Listen Very Carefully To His Words And Examine Them For Clues: In order to successfully address what is wrong, you need to understand which things are contributing to your husband's disappointment. Sometimes, your conversations will give you very distinct clues about this. And other times, you may need to observe his reactions and behaviors. In this case, the husband had told his wife that their marriage was making him feel "tied down" and "old." When a man uses these kinds of phrases to discuss his marriage, he's all but telling you that he craves more excitement, spontaneity, and variety. You can take a look at both of your personalities and preferences in order to come up with some activities that would please you both.

It is up to you whether you choose to tell him what you are doing or whether to outline any plan that you might have to improve your marriage. (And you will often need to consider how resistant he may be to this.)  Many wives don't go into a long or drawn out discussion about any plan that they might have. They just begin to incorporate the new behaviors or actions into their marriage, watch for their husband's reactions, and tweak things accordingly.
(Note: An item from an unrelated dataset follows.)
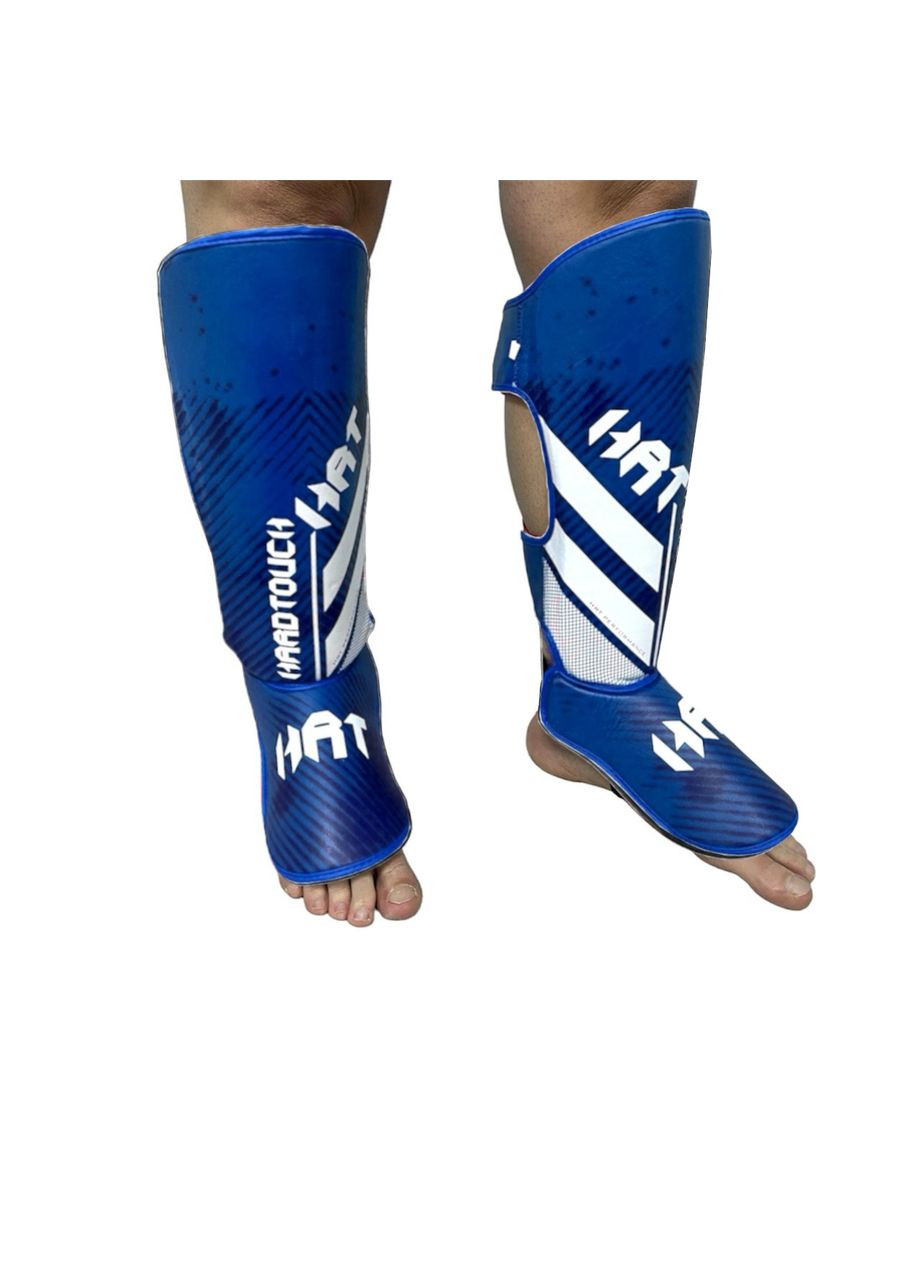 Захист ноги HARD TOUCH синій розмір DX ( ) SNS (316141286)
This Is Not The Time To Allow Fear To Take Over Or To Debate Where He's Wrong; It's very normal to feel defensive when you hear your husband saying that something about you or the marriage isn't making him happy. There's a real inclination to tell him that he expects too much or to point out his own shortcomings as a defense mechanism.
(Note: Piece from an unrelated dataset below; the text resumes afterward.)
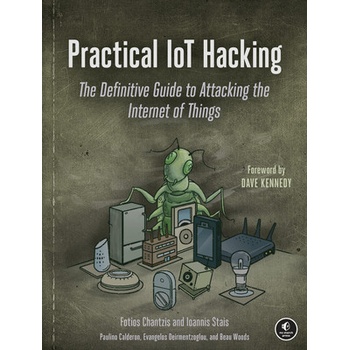 Practical IoT Hacking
While you may be somewhat justified in this, you aren't doing anything to solve your issues and you may well make things worse. Resist any urge to debate his perceptions or to point out exactly where he is wrong. It typically won't get you anywhere and he may feel compelled to defend his position. To that end, you are almost encouraging him to take inventory of where you are falling short, which is the last thing that you should want.

Try To Make This A Gradual Process That Is Going To Stick: Carefully examine any changes you are considering making in order to make sure that they are sustainable. For example, the wife in the above scenario could vow to take up skydiving to add excitement into their lives, but if she were horribly afraid of heights, there are probably better choices. Choose something that is going to work for both of you and that doesn't put you so outside of your comfort zone that you are going to come to dread or resent it or won't be able to follow through with it.

Also, you want for the changes to be noticeable but somewhat gradual because you don't want for your husband to think that you're only acting because you know that if you don't, your marriage is in trouble. You want for him to believe that you are behaving genuinely so that he trusts that he can truly believe in any changes.(This is one place where I went wrong during my own separation. You can read about that by clicking here.)

I know that's it's upsetting and hurtful to hear your husband say that the marriage isn't what expected. But now is the time to have an open conversation about exactly what he was hoping for and then to make the changes that are going to make your marriage more fulfilling for both of you.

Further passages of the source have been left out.